■ **TO DO**: Leave out any pictures and transcribe all other data below exactly.

■ **RECORDED INFORMATION**:
Content starts
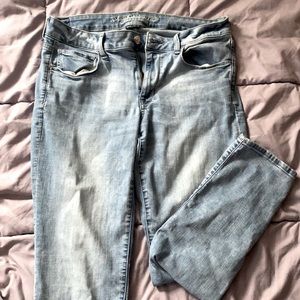 American Eagle skinny jeans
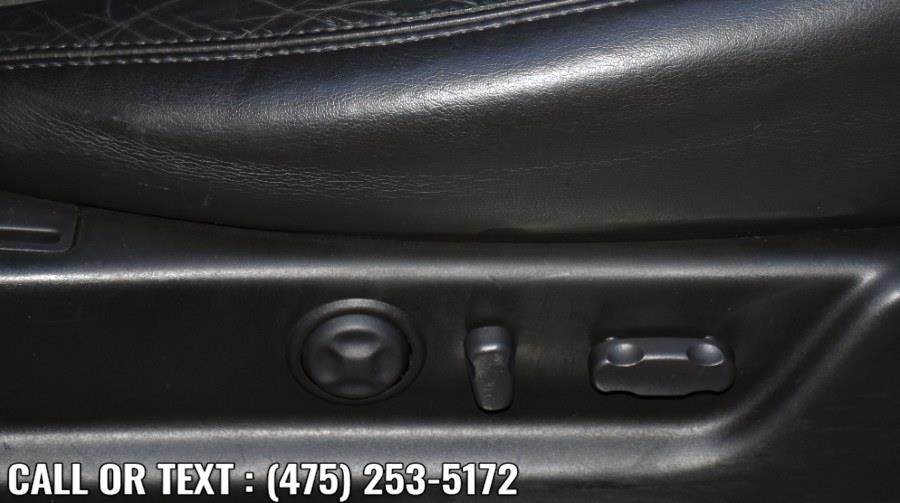 Used Cadillac Escalade Hybrid 4WD 4dr 2010 | Highline Car Connection. Waterbury, Connecticut Used Cadillac Escalade Hybrid 4WD 4dr 2010 | Highline Car Connection. Waterbury, Connecticut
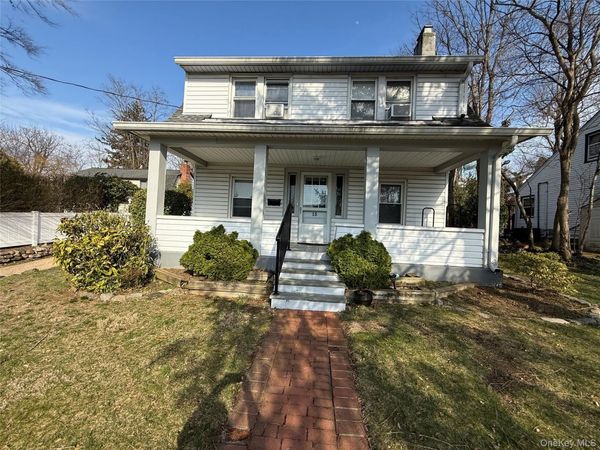 15 Maple Grove Street , Great Neck, NY 11023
Content ends
■ **SOLVED PROBLEM**:
 American Eagle skinny jeans
 Used Cadillac Escalade Hybrid 4WD 4dr 2010 | Highline Car Connection. Waterbury, Connecticut Used Cadillac Escalade Hybrid 4WD 4dr 2010 | Highline Car Connection. Waterbury, Connecticut
 15 Maple Grove Street , Great Neck, NY 11023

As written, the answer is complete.